OK - Now I really believe that Petrie isn't going to match.


----------



## yodurk (Sep 4, 2002)

johnston797 said:


> OK - Now I really believe that Petrie isn't going to match.


The luxury tax hit would be pretty significant for Songaila, considering the big men the Kings already have. Abdur-Rahim, Kenny Thomas, and Corliss Williamson are already on board, so it wouldn't make sense to pay $2.2M + another $2.2M in luxury tax payments just to keep him.


----------



## DaBullz (Jul 15, 2002)

yodurk said:


> The luxury tax hit would be pretty significant for Songaila, considering the big men the Kings already have. Abdur-Rahim, Kenny Thomas, and Corliss Williamson are already on board, so it wouldn't make sense to pay $2.2M + another $2.2M in luxury tax payments just to keep him.


I wonder why they don't rescind their QO to him. If he signs it, they end up paying the luxury tax, right?

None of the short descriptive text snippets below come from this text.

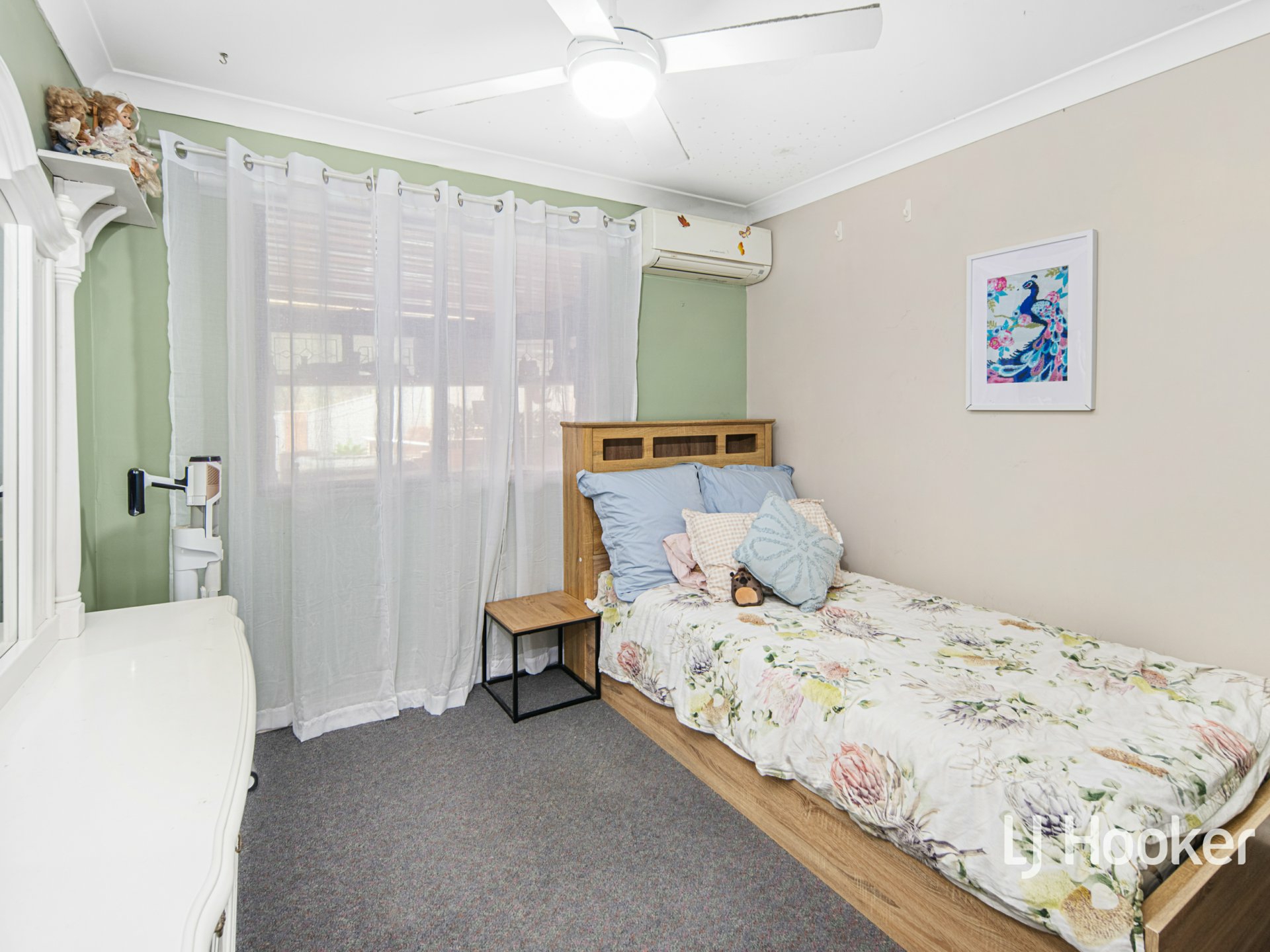 5 Sonder Court — photo 28 of 30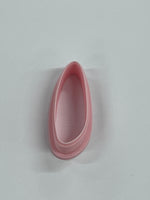 ClayBoutique Custom Cutter #21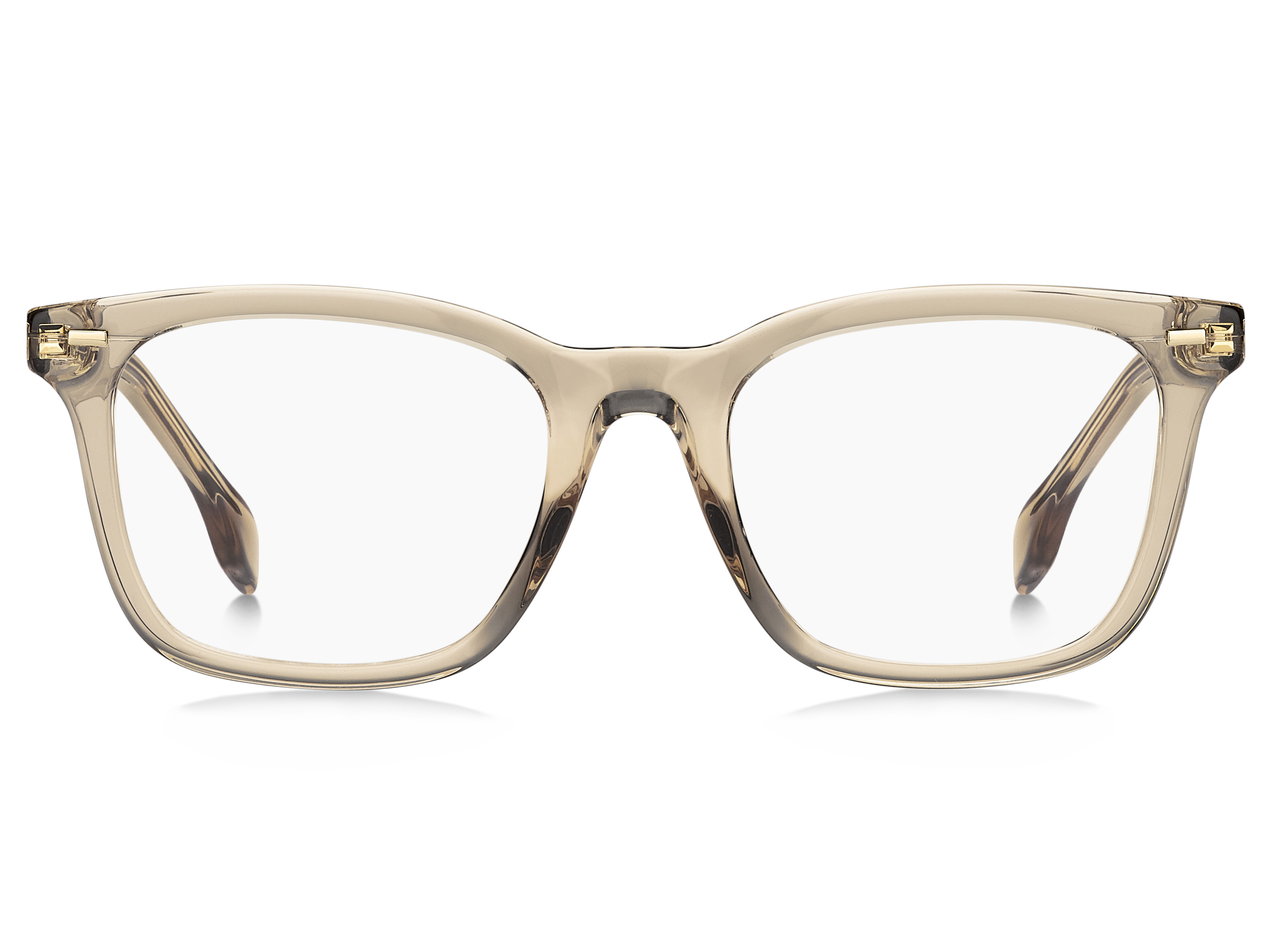 Lentes de receta Hugo Boss/Mujer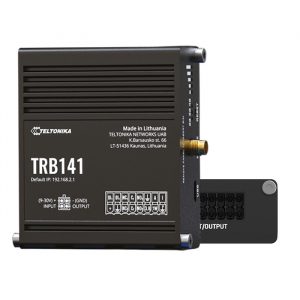 TRB141 TRB141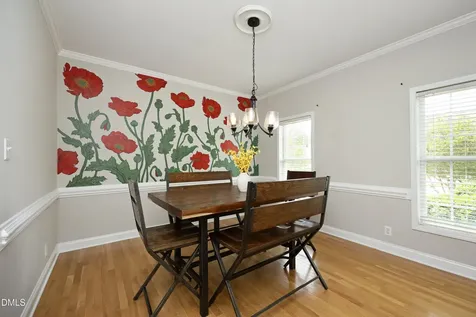 109 Queen Ferry Court Durham NC 27712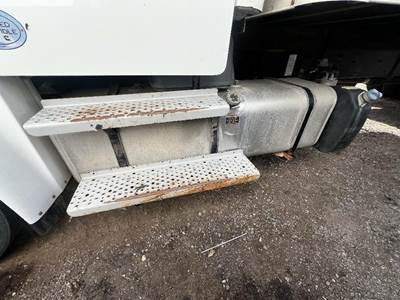 Freightliner M2 106 Battery Box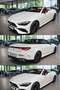 Mercedes-Benz CLE 300 Cabrio 4Matic Aut. - thumbnail 9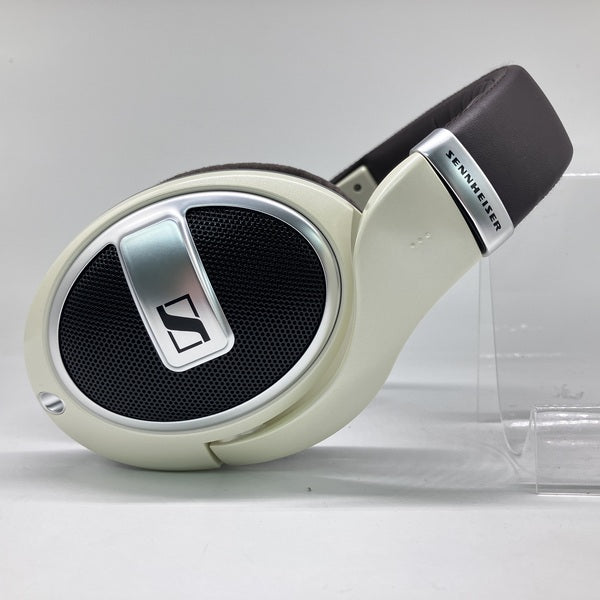 【中古】HD 599【秋葉原】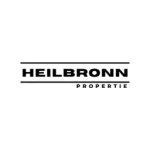 Heilbronn Properties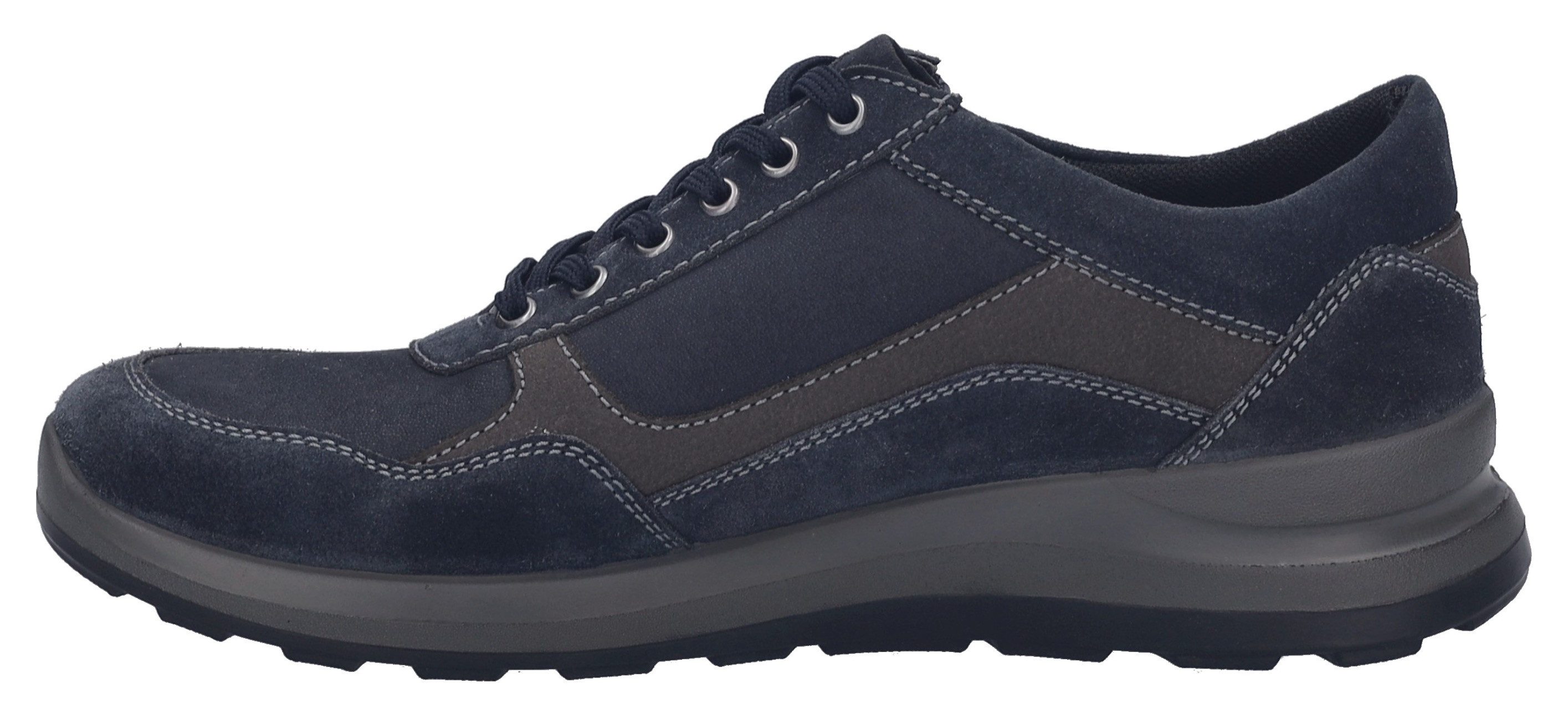Josef Seibel Sneakers Marley 50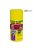 JBL PRONOVO GUPPY FLAKES S 100ml 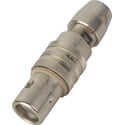 Kings 7705-2 Triax Tri-Loc Male Cable End for Belden 9267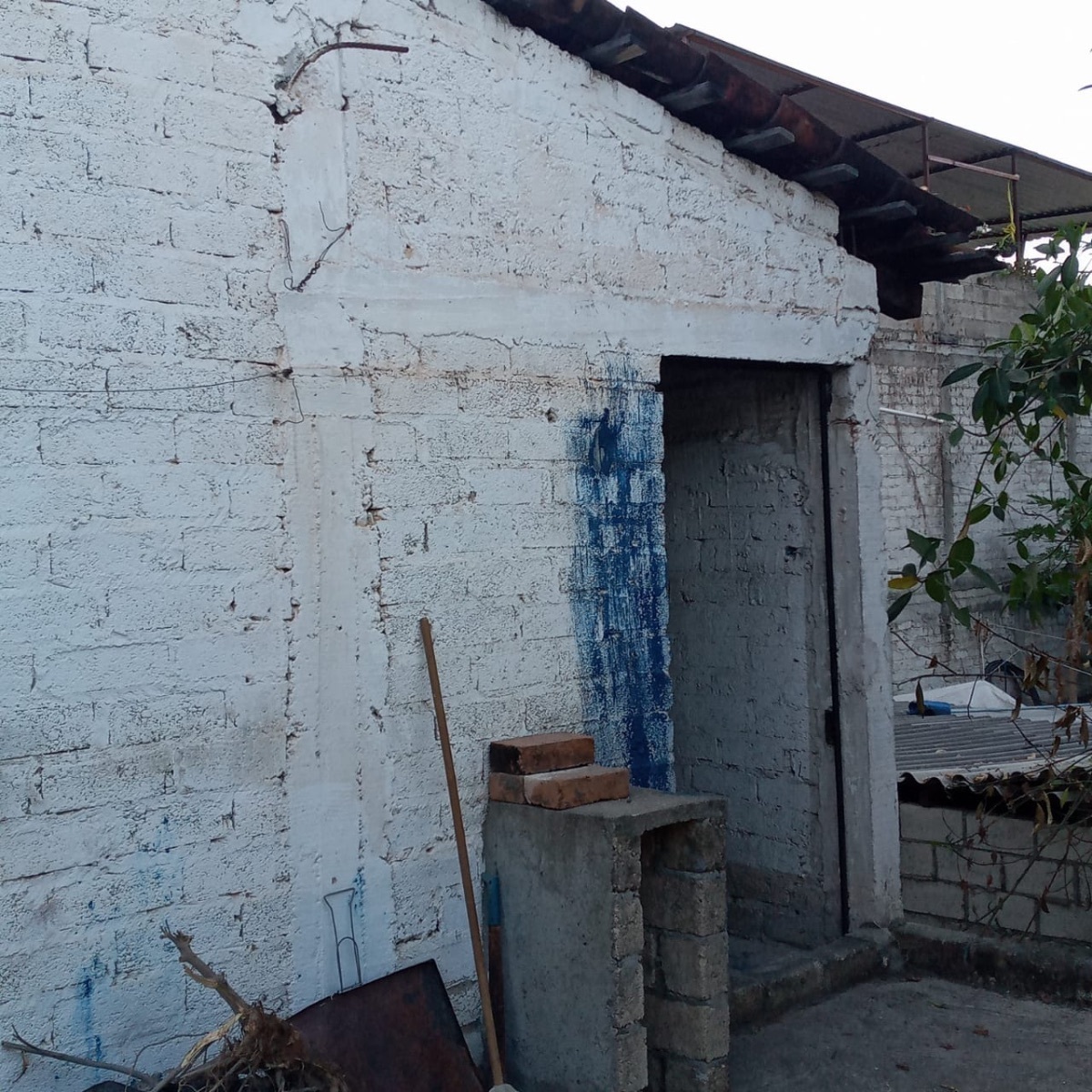 9 de 11: Casa en venta  El Pitillal Puerto Vallarta Jalisco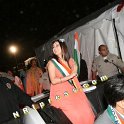 MINISSHA_LAMBA-716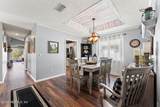12041 Arbor Lake Drive - Photo 5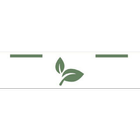 ikon Kratom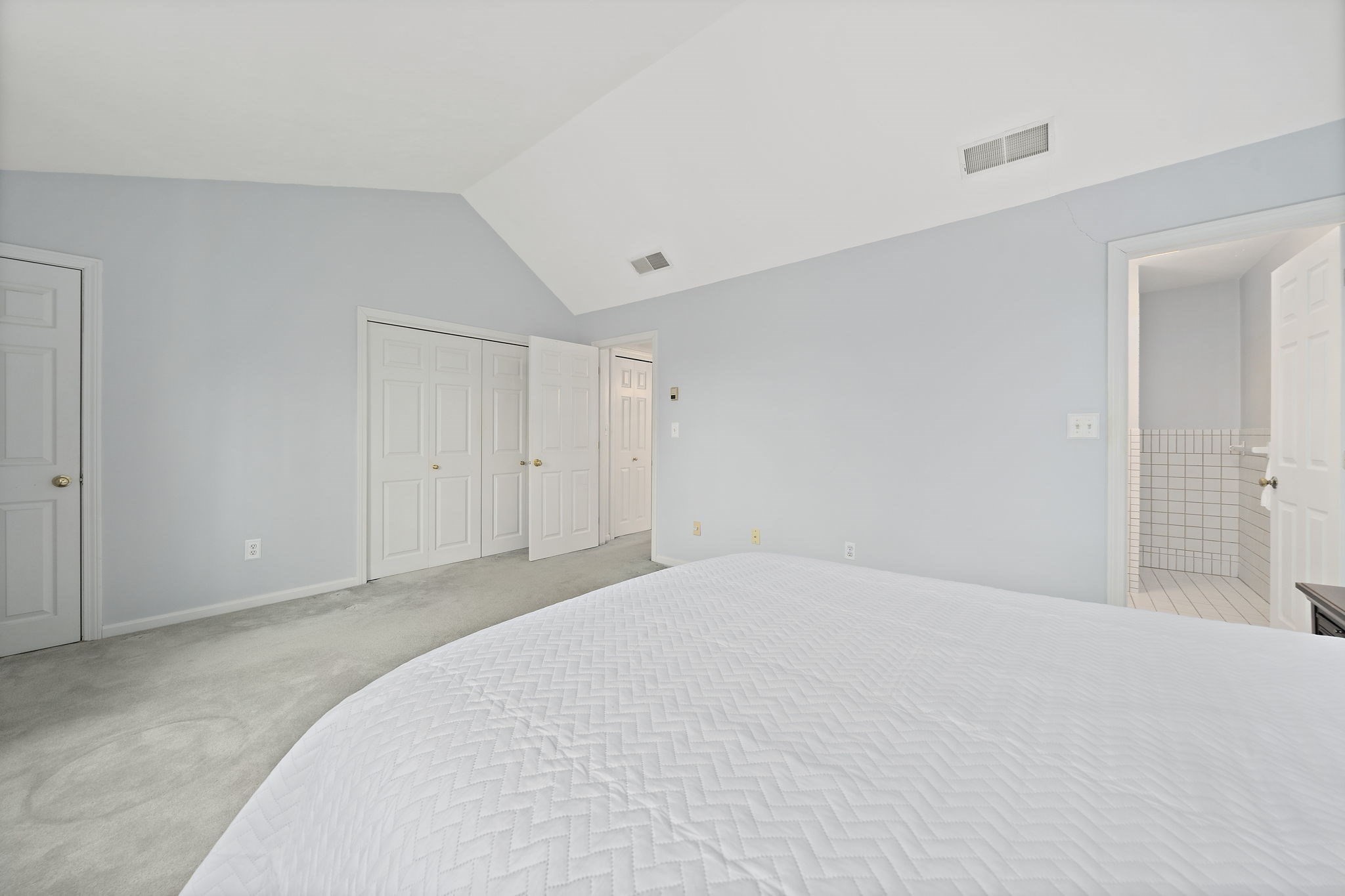 84 Walpole St Unit 3L, Canton, MA 02021 - Image 17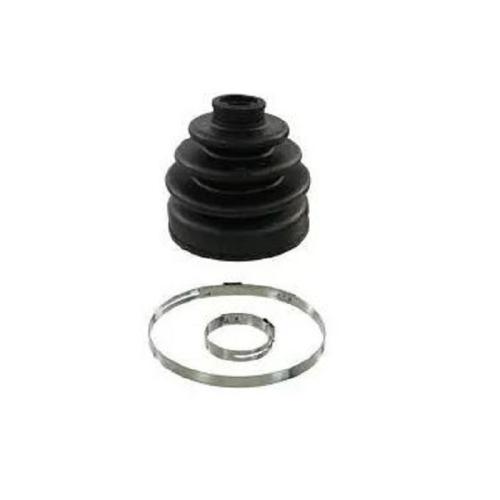 FUELLE HOMOCINETICA TOYOTA COROLLA L/RDA.ELANTRA 92...98 GEELY CK1 DIESEL A26/F24  ENERTEK 720343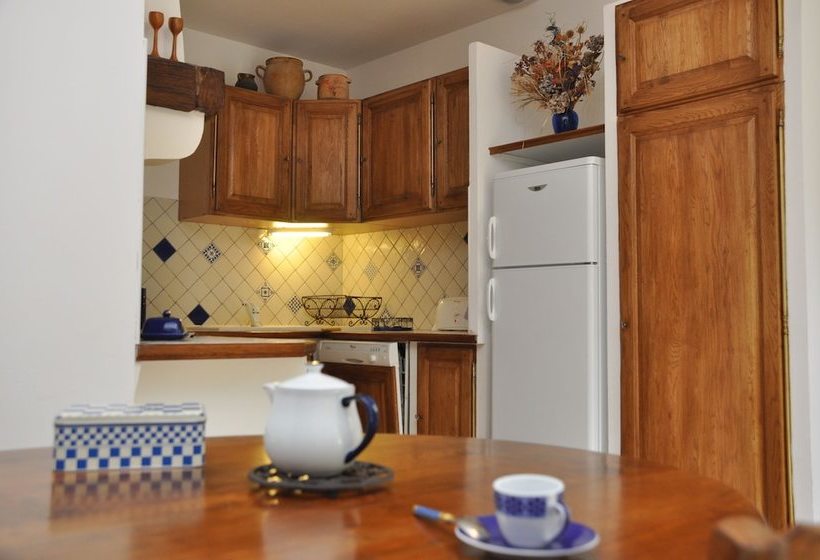 Le Jas Des Légrémis  Le Jas Du Haut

Any salary ballast sent their way costs them luxury tax, too.

What are they hoping for?


----------



## johnston797 (May 29, 2002)

DaBullz said:


> I wonder why they don't rescind their QO to him. If he signs it, they end up paying the luxury tax, right?
> 
> Any salary ballast sent their way costs them luxury tax, too.
> 
> What are they hoping for?


Per somebody, a team can't recind their QO unless the player agrees in writing. So Songailia may still want it there to convince the Bulls they should try and swing a 3-way so he gets more money. If Kings recind, they can't do the 3-way.


----------



## DaBullz (Jul 15, 2002)

johnston797 said:


> Per somebody, a team can't recind their QO unless the player agrees in writing. So Songailia may still want it there to convince the Bulls they should try and swing a 3-way so he gets more money. If Kings recind, they can't do the 3-way.


That's not exactly what ****'s faq says:



> Teams can rescind their qualifying offer to a restricted free agent, in which case the player becomes unrestricted. This happened with Toronto and Keon Clark in 2002.
> 
> 
> A signed offer sheet can be rescinded within the 15 day waiting period if all three parties (the player and the two teams) agree. However, they could not do this in order to engineer a better deal (such as a sign-and-trade arrangement) between the teams.


The 15 day period is after an RFA is signed to an offer sheet by a 3rd team.

(I realize the faq isn't up to date with the new CBA)


----------



## johnston797 (May 29, 2002)

DaBullz said:


> That's not exactly what ****'s faq says:
> 
> The 15 day period is after an RFA is signed to an offer sheet by a 3rd team.
> 
> (I realize the faq isn't up to date with the new CBA)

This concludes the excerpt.